In the entries below, the lines from the one with "Two beautiful women" through the one with "Couple sharing a" are to be copied exactly; both ends count.

Records from a data collection:
↓↓↓

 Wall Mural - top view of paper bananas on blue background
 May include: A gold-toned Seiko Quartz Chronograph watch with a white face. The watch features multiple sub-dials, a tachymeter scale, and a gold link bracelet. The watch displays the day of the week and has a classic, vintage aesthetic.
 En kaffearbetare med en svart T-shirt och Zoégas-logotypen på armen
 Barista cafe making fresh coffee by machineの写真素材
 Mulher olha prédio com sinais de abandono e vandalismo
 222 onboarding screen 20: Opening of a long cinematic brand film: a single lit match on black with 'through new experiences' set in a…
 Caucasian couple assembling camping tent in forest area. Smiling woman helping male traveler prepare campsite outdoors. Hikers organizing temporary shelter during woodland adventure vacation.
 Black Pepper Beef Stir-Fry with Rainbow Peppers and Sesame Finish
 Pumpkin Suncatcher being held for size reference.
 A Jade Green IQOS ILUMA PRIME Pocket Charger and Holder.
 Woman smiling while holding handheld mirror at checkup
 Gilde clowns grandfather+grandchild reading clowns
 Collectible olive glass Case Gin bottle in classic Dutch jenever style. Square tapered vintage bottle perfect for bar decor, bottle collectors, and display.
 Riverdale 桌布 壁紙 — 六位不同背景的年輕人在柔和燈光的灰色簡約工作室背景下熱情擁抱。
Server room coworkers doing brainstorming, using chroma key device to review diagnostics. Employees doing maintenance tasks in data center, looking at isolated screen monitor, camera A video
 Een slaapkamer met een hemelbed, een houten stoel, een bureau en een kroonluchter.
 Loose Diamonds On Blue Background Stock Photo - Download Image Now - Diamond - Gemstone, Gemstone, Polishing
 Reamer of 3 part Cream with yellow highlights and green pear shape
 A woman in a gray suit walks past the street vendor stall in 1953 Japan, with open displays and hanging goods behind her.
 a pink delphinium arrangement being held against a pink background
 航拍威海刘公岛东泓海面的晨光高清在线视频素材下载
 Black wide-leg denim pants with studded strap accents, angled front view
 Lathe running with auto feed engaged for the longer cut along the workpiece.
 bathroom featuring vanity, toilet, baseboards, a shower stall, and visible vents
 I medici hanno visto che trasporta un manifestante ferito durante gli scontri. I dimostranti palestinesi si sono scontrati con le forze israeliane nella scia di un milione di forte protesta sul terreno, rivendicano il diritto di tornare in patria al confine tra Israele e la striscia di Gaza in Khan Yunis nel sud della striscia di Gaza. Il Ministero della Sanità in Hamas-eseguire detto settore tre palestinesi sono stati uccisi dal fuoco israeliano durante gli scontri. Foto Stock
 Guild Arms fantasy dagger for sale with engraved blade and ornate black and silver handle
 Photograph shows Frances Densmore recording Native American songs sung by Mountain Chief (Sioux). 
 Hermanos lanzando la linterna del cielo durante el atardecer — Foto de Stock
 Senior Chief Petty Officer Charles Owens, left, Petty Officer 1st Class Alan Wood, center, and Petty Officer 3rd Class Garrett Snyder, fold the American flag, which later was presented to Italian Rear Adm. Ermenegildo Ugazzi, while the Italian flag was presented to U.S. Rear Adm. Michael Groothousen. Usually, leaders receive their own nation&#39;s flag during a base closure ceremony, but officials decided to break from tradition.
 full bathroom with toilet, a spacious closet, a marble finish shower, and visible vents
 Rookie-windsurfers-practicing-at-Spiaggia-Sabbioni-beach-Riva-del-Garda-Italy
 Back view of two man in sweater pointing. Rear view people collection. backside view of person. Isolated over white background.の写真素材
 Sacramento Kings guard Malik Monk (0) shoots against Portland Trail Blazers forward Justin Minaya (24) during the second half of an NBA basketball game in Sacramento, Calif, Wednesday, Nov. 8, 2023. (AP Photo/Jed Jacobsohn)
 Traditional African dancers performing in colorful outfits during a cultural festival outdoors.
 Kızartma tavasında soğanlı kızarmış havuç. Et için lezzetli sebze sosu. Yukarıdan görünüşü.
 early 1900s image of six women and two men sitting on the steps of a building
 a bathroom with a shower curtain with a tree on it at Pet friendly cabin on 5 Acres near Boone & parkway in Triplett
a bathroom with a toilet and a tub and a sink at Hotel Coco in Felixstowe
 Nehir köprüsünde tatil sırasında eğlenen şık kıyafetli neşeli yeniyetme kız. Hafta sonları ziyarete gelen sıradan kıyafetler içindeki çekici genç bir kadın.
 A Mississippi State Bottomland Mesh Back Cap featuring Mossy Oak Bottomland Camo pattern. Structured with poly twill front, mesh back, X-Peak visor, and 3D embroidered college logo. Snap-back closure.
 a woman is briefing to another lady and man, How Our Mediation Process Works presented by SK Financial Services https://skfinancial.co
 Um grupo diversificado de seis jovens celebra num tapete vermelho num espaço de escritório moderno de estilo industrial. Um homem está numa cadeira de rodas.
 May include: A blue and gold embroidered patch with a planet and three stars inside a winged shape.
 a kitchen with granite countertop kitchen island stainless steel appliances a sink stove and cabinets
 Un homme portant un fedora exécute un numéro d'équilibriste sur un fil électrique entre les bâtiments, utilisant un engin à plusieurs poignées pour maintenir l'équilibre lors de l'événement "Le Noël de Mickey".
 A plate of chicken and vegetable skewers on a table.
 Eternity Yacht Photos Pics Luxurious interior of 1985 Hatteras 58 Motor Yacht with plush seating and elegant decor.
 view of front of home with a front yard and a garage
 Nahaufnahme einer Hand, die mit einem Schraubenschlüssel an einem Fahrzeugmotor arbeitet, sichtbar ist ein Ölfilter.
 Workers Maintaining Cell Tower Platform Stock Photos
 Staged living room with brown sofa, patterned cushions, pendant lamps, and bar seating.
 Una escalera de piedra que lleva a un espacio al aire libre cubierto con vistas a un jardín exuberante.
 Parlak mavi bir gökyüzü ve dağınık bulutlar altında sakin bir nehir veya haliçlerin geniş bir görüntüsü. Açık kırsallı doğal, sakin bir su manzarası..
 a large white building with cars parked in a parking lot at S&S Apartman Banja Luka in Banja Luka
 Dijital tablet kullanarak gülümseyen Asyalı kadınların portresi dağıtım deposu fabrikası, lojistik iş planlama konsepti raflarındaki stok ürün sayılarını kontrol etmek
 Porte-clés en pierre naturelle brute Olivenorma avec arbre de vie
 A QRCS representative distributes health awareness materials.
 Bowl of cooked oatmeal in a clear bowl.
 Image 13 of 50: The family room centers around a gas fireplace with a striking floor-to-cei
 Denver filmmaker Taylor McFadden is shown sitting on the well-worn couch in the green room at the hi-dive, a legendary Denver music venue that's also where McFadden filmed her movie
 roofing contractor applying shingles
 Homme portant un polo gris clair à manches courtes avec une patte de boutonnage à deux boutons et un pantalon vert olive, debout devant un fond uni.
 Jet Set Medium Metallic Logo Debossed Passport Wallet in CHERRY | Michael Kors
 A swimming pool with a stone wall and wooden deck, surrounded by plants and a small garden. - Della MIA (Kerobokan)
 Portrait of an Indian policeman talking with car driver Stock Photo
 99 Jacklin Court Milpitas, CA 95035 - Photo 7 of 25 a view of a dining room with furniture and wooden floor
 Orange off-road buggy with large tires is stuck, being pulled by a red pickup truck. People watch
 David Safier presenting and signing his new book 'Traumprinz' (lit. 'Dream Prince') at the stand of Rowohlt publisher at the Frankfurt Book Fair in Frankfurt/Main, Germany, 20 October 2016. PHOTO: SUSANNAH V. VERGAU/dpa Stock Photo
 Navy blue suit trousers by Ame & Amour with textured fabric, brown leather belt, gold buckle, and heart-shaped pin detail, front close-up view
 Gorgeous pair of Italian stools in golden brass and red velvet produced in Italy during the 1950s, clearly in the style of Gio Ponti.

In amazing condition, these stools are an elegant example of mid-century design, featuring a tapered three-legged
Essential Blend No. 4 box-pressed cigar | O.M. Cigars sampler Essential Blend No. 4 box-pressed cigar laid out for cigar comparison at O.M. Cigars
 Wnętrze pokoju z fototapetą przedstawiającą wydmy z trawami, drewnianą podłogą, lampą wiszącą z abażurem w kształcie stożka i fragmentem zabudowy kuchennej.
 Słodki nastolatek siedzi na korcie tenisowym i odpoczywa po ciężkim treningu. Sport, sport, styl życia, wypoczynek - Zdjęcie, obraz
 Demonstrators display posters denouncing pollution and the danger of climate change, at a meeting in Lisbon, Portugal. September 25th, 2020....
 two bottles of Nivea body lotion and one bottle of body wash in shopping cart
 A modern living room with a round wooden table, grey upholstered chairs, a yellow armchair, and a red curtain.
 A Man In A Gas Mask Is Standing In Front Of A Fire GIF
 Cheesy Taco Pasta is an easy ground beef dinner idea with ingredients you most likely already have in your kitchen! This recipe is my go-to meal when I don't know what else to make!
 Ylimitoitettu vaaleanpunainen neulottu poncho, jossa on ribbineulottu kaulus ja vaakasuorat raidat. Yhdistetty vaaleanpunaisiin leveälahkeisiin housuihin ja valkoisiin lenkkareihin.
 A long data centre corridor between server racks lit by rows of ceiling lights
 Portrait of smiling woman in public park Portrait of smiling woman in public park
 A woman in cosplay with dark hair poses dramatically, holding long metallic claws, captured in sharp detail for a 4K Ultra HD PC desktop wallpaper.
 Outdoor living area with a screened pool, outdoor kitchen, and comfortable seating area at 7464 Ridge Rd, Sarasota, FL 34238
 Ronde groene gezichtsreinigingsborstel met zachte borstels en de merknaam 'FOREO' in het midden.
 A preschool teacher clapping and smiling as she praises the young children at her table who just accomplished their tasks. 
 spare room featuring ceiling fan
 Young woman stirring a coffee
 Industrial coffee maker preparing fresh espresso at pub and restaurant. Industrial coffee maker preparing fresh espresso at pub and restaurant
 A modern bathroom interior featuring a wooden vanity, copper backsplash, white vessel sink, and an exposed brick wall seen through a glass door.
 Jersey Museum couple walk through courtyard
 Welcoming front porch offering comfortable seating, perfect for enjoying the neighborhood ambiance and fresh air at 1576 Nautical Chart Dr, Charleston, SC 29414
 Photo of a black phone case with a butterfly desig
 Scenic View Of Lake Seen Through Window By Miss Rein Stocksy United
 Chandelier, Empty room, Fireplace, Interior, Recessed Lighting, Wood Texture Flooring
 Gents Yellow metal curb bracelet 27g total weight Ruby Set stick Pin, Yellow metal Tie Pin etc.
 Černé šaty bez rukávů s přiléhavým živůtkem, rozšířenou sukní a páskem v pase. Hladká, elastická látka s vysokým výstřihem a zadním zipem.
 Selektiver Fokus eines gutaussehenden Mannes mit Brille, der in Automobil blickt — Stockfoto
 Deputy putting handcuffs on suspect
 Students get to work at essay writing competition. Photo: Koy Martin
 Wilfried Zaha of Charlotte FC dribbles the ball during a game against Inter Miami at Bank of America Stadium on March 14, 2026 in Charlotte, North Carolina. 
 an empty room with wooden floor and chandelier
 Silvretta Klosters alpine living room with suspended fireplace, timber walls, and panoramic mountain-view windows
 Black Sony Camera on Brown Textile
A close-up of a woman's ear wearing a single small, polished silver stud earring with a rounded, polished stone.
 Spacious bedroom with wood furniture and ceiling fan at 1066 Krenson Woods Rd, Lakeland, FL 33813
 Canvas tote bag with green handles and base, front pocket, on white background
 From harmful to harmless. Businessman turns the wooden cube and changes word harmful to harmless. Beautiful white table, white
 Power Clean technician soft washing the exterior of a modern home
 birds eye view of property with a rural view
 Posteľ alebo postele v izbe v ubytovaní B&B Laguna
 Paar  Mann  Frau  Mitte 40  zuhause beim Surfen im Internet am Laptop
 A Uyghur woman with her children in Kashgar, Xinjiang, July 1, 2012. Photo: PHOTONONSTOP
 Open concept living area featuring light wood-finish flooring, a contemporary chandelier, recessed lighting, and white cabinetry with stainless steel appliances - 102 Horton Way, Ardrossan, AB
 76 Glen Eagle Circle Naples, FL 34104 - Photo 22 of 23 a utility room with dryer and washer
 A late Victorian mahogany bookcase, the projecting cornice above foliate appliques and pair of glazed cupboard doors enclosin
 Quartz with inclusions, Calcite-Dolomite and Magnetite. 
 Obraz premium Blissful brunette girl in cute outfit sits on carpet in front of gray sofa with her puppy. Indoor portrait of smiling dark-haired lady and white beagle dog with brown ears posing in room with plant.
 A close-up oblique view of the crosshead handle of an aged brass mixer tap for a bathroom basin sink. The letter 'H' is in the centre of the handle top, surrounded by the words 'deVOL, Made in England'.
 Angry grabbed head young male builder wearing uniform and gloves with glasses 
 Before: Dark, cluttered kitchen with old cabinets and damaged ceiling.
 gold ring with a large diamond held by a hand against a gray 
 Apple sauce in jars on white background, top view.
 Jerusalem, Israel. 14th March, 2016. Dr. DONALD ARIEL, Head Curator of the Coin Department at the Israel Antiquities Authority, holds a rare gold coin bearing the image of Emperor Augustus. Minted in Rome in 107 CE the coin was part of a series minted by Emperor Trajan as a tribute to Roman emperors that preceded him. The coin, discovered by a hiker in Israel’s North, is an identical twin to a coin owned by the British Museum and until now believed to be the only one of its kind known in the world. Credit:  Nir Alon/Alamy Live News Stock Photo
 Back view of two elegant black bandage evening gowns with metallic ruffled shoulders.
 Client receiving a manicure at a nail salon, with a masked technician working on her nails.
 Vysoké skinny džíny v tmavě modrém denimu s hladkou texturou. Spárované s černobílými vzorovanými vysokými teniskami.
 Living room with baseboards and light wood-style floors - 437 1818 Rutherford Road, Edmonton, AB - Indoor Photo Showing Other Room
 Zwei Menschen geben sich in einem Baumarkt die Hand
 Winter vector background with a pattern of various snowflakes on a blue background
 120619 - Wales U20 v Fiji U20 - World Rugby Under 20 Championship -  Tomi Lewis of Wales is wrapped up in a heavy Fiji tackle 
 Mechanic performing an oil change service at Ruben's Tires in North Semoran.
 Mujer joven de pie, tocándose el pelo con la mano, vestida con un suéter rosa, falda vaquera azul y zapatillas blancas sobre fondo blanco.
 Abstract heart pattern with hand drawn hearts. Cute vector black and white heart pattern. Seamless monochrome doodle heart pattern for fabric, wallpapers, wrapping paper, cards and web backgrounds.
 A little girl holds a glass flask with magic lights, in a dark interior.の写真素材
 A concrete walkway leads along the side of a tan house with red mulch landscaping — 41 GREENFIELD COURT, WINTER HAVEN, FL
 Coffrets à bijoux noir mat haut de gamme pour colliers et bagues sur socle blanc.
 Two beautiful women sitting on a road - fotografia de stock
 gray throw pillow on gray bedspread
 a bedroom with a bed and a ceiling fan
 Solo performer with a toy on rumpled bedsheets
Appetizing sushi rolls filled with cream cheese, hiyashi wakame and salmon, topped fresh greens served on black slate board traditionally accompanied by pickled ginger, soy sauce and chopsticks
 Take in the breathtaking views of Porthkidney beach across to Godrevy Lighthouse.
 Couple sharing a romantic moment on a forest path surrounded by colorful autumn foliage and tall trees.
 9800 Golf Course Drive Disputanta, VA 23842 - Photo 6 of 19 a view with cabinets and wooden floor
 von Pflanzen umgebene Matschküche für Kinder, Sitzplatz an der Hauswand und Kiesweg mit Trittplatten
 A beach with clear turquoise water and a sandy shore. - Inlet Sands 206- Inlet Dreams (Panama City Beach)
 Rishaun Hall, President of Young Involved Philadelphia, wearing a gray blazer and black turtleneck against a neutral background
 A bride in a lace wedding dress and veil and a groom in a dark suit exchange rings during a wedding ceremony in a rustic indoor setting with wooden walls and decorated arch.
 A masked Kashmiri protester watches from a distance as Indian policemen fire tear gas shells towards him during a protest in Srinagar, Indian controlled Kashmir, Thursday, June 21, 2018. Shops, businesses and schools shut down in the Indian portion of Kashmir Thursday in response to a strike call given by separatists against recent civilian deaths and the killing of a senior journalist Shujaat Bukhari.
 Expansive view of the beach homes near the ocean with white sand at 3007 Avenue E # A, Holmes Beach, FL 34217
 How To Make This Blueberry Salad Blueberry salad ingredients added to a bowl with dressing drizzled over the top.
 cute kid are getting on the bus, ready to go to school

↑↑↑

- [RESPONSE TO THE EXERCISE]
 Two beautiful women sitting on a road - fotografia de stock
 gray throw pillow on gray bedspread
 a bedroom with a bed and a ceiling fan
 Solo performer with a toy on rumpled bedsheets
Appetizing sushi rolls filled with cream cheese, hiyashi wakame and salmon, topped fresh greens served on black slate board traditionally accompanied by pickled ginger, soy sauce and chopsticks
 Take in the breathtaking views of Porthkidney beach across to Godrevy Lighthouse.
 Couple sharing a romantic moment on a forest path surrounded by colorful autumn foliage and tall trees.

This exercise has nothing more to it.